It takes as given that money must be made of a precious metal. In doing this it ignores the history of money in China. There money had frequently been made entirely of base metals such as bronze and iron, and by the Song period one thousand years ago, even this had been in large measure replaced by printed paper currency.
Given a large state with a professional salaried civil service it was quite feasible for the government to ensure that its money circulated by virtue of accepting it for tax payments.
According to von Glahn chartalism, the principle that the value of money is determined by the monetary authority irrespective of the use value of the substance employed as money, was a fundamental tenet of classical Chinese monetary analysis. See von Glahn, Fountain of Fortune, pp. 23-47.
This would make it seem that the predominance of metallist doctrines in Europe is a reflection of the long period of European barbarism and disunity between the fall of the Carolingian empire and the establishment of the EU.
During this warring states period in Europe, states were small, and for much of the time lacked professional salaried civil services.
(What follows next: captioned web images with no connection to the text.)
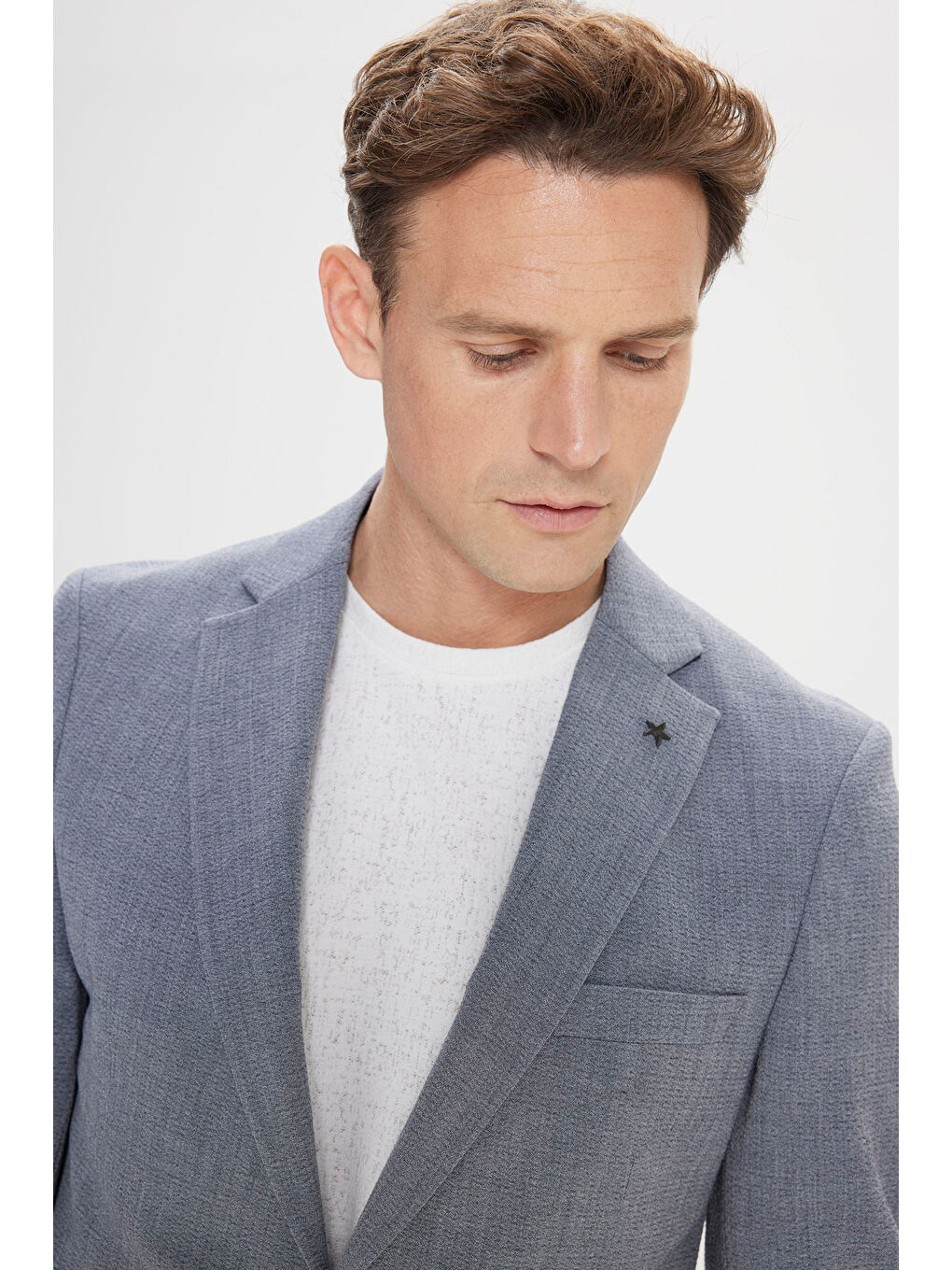 Erkek Gri Slim Fit Mono Yaka Beli Bağlamalı Gofre Desenli Takım Elbise-4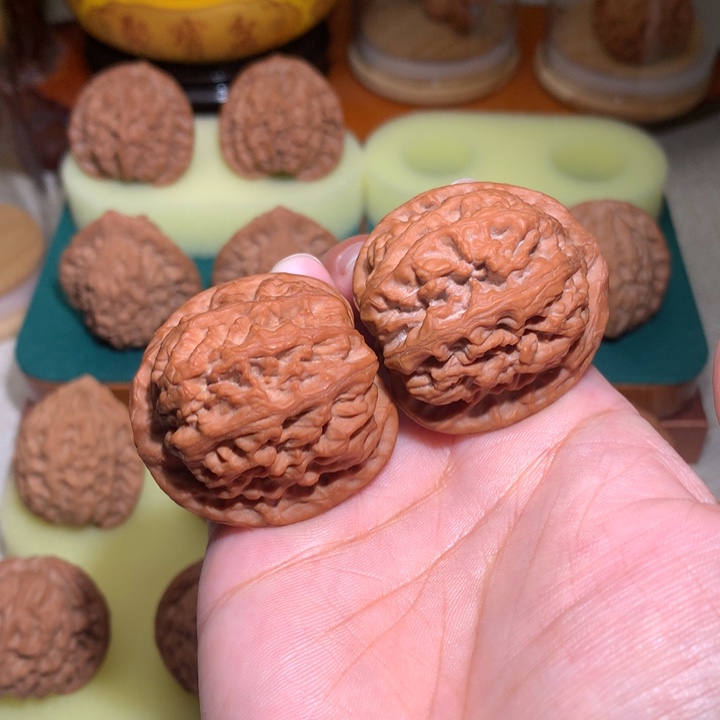 文玩核桃把件太行雪狮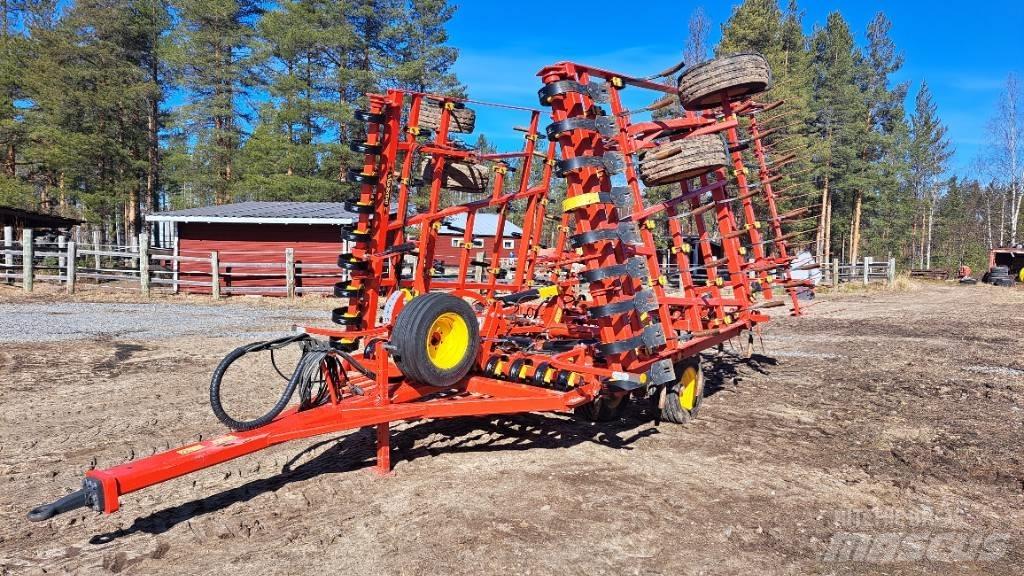 Väderstad Ferox 700 Äkeet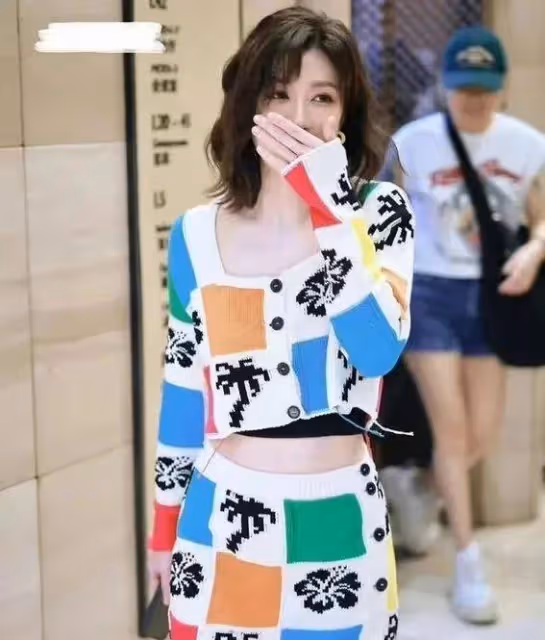 50歲賈靜雯穿彩虹衣驚艷全網,凍齡秘訣竟是這3招!網友:我也想逆生長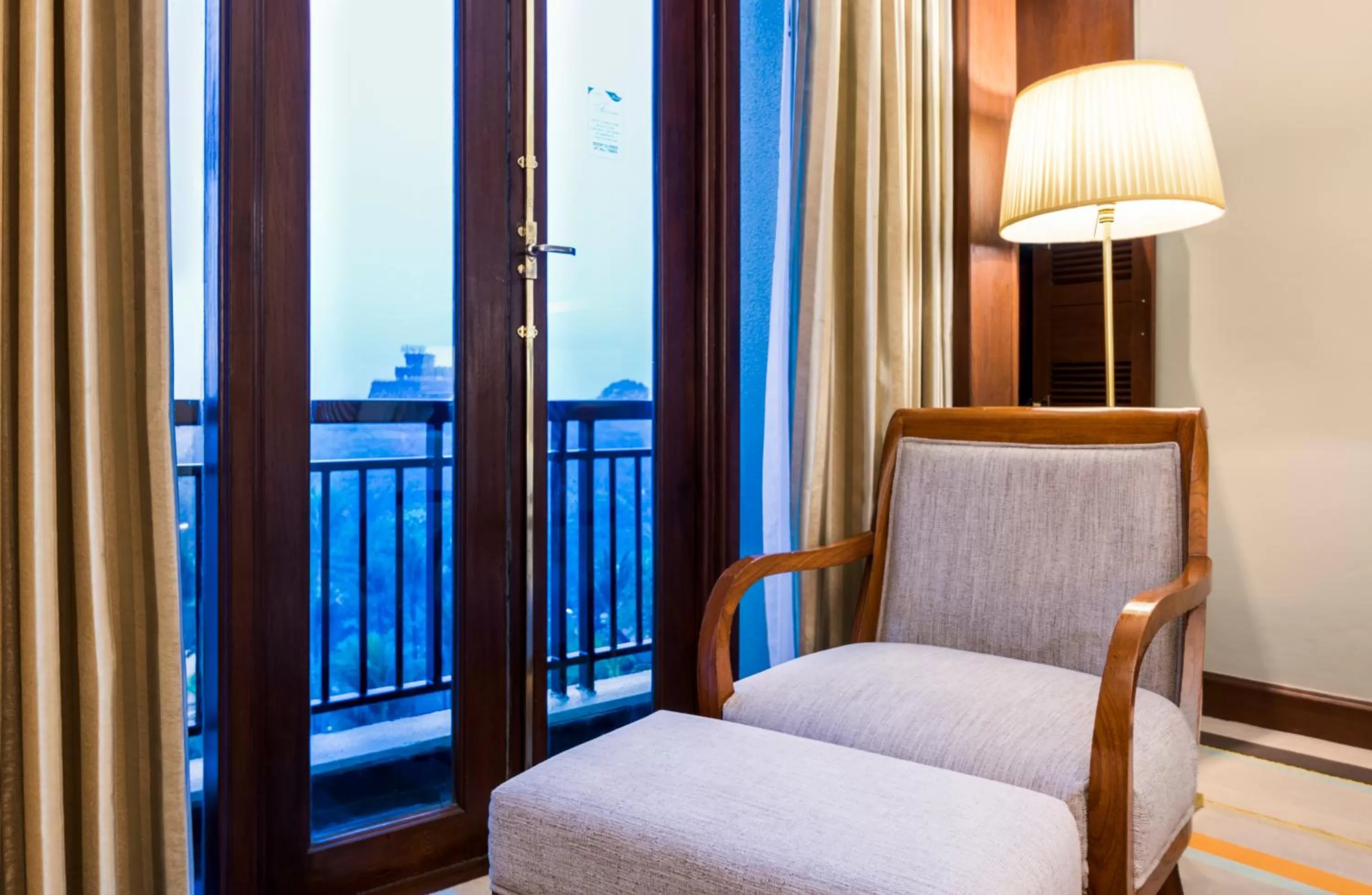 View (from property/room), Bed in Chatrium Hotel Royal Lake Yangon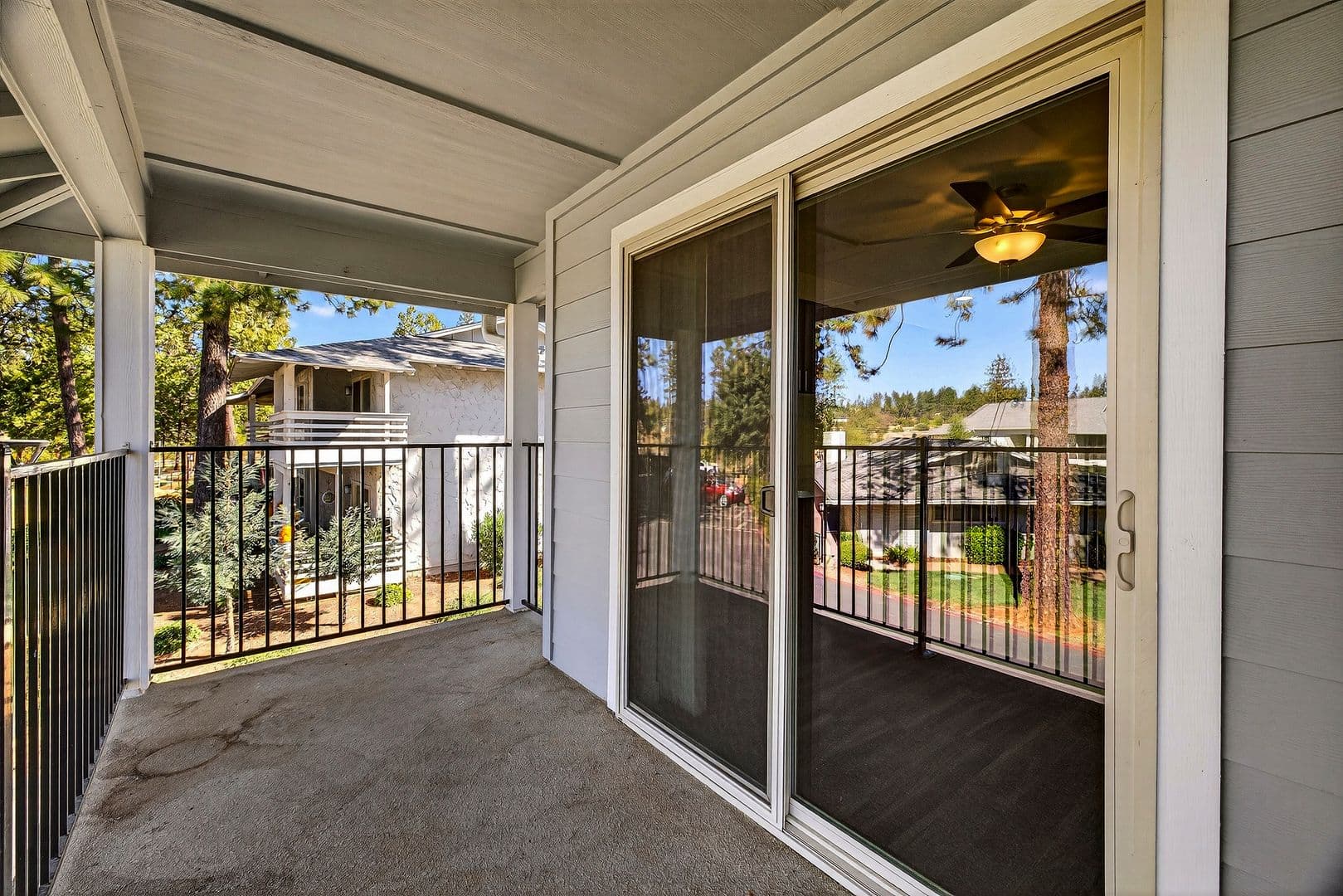 Paradise Apartment: 1220-1230 Elliott Road
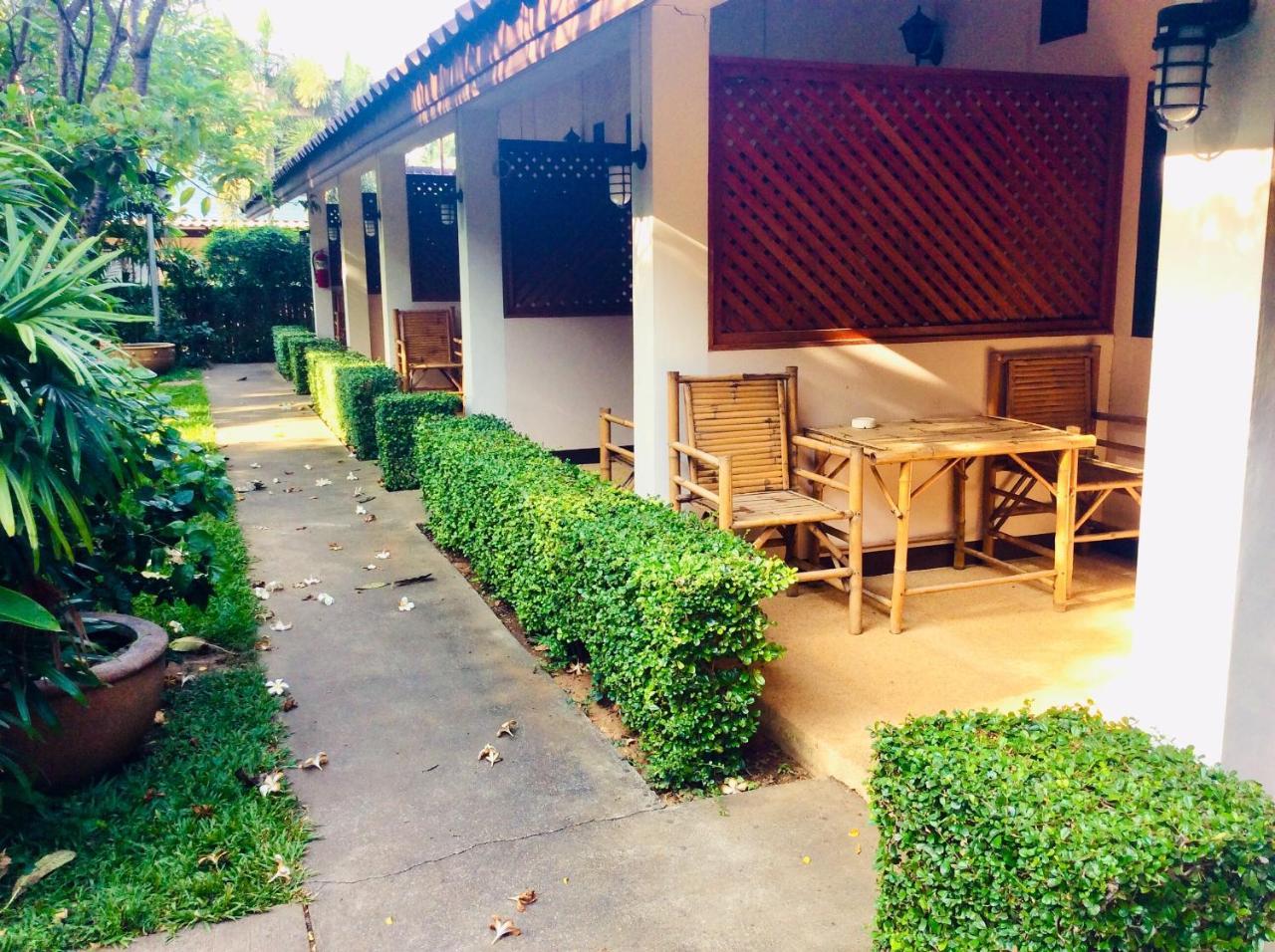 The Nine Guest House Kanchanaburi Extérieur photo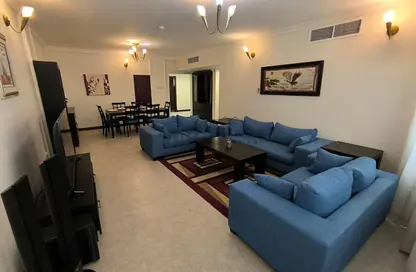 Apartment - 2 Bedrooms - 2 Bathrooms for rent in Busaiteen - Muharraq Governorate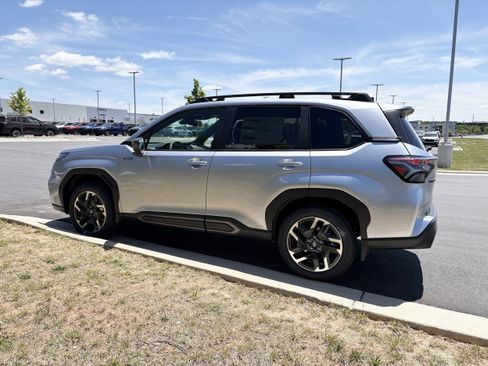 New 2026 Subaru Forester Touring AWD/4WD image 5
There tax collecting apparatus was poor and they were not able to so effectively enforce the circulation of national coinage unless it was backed by gold that could be used in internal European trade between the petty states.
But how does this fit with how the late Roman economy which was revolutionized in Banaji's account by securing a stable money--a new gold coinage which provided a means by which financially astute bureaucrats could accumulate fortunes that they subsequently invested in land. Note then Banaji's attempt to rewrite the history of late antiquity--a new currency system in fact assisted the revival and indeed an expansion of a monetized economy.
This local and temporary historical phenomena is universalised in metallist doctrines.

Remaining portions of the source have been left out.